When a gavel falls at a major auction house, the hammer price is just the beginning of what the buyer will actually pay. Understanding the full cost structure of auction transactions reveals why an increasing number of serious collectors are seeking alternatives.
The buyer's premium
Every major auction house charges a buyer's premium on top of the hammer price. At the leading houses, this premium follows a tiered structure that typically amounts to 20-26% on the first portion and 14-20% on the remainder. On a $500,000 lot, the buyer's premium alone can add $100,000 or more.
The seller's side
Sellers aren't exempt from fees either. Consignment commissions typically range from 5-15%, depending on the lot value and the seller's negotiating leverage. High-profile consignors may negotiate reduced rates, but the average seller faces meaningful friction.
The comparison
Consider a $1M watch transaction:
**Traditional auction route:** Hammer price $1M + buyer's premium ~$200K + insurance and handling ~$15K = total buyer cost ~$1.215M. Seller receives ~$850K–$950K after commission.

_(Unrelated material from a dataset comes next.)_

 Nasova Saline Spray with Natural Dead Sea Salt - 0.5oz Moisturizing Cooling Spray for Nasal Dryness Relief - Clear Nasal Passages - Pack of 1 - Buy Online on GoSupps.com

**Curatas Closer service:** Transaction price $1M + 1.5% success fee $15K = total buyer cost $1.015M. Seller receives the full agreed price.

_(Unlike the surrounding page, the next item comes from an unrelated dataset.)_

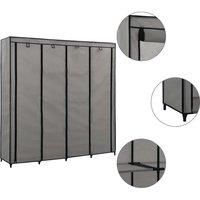 Wardrobe with 4 Compartments Grey 175x45x170 cm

The difference: $200K in savings for the buyer, and the seller retains significantly more of the transaction value.
Beyond the numbers
Cost isn't the only consideration. Auction timelines are fixed — consignors must wait for the appropriate sale, which may be months away. Authentication and cataloguing add further delays. And the public nature of auction results means every competitor in the market knows exactly what you paid.
Private acquisition through a service like Curatas offers timeline flexibility, discretion, and a cost structure that aligns with the buyer's interest rather than the platform's revenue model.